# Bryan Carnathan's 1D X Review Is Finished



## bdunbar79 (Aug 1, 2012)

http://www.the-digital-picture.com/Reviews/Canon-EOS-1D-X-Digital-SLR-Camera-Review.aspx

Enjoy!


----------



## Mt Spokane Photography (Aug 1, 2012)

I read it earlier today. He seems enthusiastic about it, but its also obvious that the 5D MK III will suffice for many of us. He does tell us what works well, and what doesn't.
I think that there seems to be quite a consensus of experienced experts giving a thumbs up. I was considering one, but decided to buy a new lens instead. I'm still on the fence about getting another 5D MK III. There have been some better prices, but those are likely from dealers who took the double down rebates and applied $200 discount to the body and will sell the lenses for full price. That might mean prices will rise again.


----------



## M.ST (Aug 1, 2012)

If you are a portrait or landscape photographer get the 5D Mark III (5D Mark II oder 1Ds Mark III) and invest in good lenses.

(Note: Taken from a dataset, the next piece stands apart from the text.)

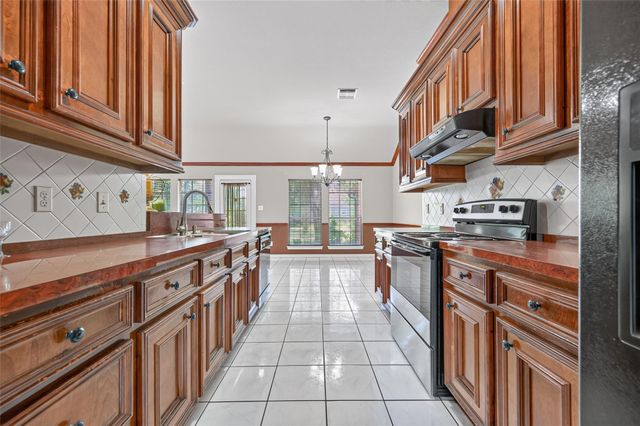 21007 Cook Road, Tomball, TX 77377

If you are a sports or wildlife photographer get the 1D Mark IV with 1.3 crop or buy the 1D X and invest in a or in a few supertelephotos.


----------



## heptagon (Aug 1, 2012)

Sadly, the 1DX won't focus at F/8 so teleconverters are of limited use for wildlife photography.

Also raw noise of the 1DX isn't especially good compared to the 5D3 after factoring in that they lowered the ISOs.


----------



## Adrian S. (Aug 1, 2012)

I have been waiting to see this review and read it eagerly today. After reading it, and summing up what I need in a camera, I opted for a used 1dMk4 + 5D3 as my combo. Awesome review, but I really feel the 5D3 gives more "bang for your buck" vs the 1Dx.


----------



## heptagon (Aug 1, 2012)

Adrian S. said:


> ...I really feel the 5D3 gives more "bang for your buck" vs the 1Dx.


Unless you need 12fps.


----------



## briansquibb (Aug 1, 2012)

heptagon said:


> Sadly, the 1DX won't focus at F/8 so teleconverters are of limited use for wildlife photography.



200 f/2 +2x +1.4
300 f/2.8 + 2x
400 f/2.8 + 2x
500 f/4 + 1.4
600 f/4 + 1.4

Not that limited then


----------



## Wilmark (Aug 1, 2012)

I have read several reviews from Bryans site. I am amazed at the amount of canon lenses he has tested, even when compared with dpreview. But i have been dissapointed with how he looks at products and it appears that he tries to avoid being overly critical. I feel that i have been mislead by his statements. So many lenses he would so many positive things about it you would think that its a must have. His reviews does not really help to make purchase decisions, where we need to see how alternatives stack up. He is too nice to the canon gear he reviews. Even DPreview has been dissapointing. Esp with their D800 and 5D MkIII reviews. But that another story.


----------



## briansquibb (Aug 1, 2012)

Wilmark said:


> I have read several reviews from Bryans site. I am amazed at the amount of canon lenses he has tested, even when compared with dpreview. But i have been dissapointed with how he looks at products and it appears that he tries to avoid being overly critical. I feel that i have been mislead by his statements. So many lenses he would so many positive things about it you would think that its a must have. His reviews does not really help to make purchase decisions, where we need to see how alternatives stack up. He is too nice to the canon gear he reviews. Even DPreview has been dissapointing. Esp with their D800 and 5D MkIII reviews. But that another story.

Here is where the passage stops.